Musikalisch boten Angra eine guten Querschnitt aus ihrer musikalischen Schaffensphase, die mit schnellen Parts «Carry On/Nova Era», verspielten Elementen «Acid Rain» und ab und zu schon fast Dream Theater-liken Elementen zu gefallen wusste. Dabei kamen ruhigere Momente, wie bei «Rebirth», ebenso zum Tragen wie auch ein kurzes, aber extrem tolles Drumsolo. Das Zusammenspiel der beiden Gitarristen liess immer wieder aufhorchen, und wenn man ehrlich ist, trumpften Angra dermassen gross auf, dass sie zu Recht der Headliner dieses Abends waren. Die Dankbarkeit von Raffael ans Publikum und seiner Band kam vor der ersten Zugabe mit viel Emotionen und Ehrlichkeit rüber. Wieso aber genau eine solche Band wie Angra mit ihrem sympathischen Auftreten und dieser musikalischen Vielfalt und Virtuosität nie den grossen Durchbruch schaffte, bleibt wohl für immer und ewig ein Geheimnis. Einmal mehr hätte ein Konzertabend, zumal an einem Samstag, mehr Besucher verdient gehabt. Die, welche da waren bekamen aber mit den beiden letzten Bands verdammt viel Gutes und Interessantes geboten, und ich wünsche Angra auf ihrem Weg den Erfolg, den sie eigentlich schon lange geniessen sollten.

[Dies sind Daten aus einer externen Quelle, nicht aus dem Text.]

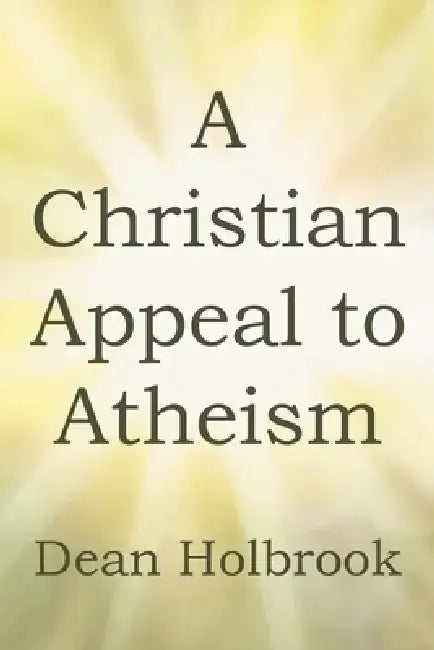 A Christian Appeal to Atheism by Dean Holbrook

Setliste «Dr. Tyrell's Death (Intro)», «Nothing To Say», «Travelers Of Time», «Angels And Demons», «War Horns», «Acid Rain», «Final Light», «Drum Solo Bruno Valverde», «Insania», «Lisbon», «Magic Mirror» - «Rebirth», «Silent Lucidity (with Geoff Tate)», «Carry On/Nova Era»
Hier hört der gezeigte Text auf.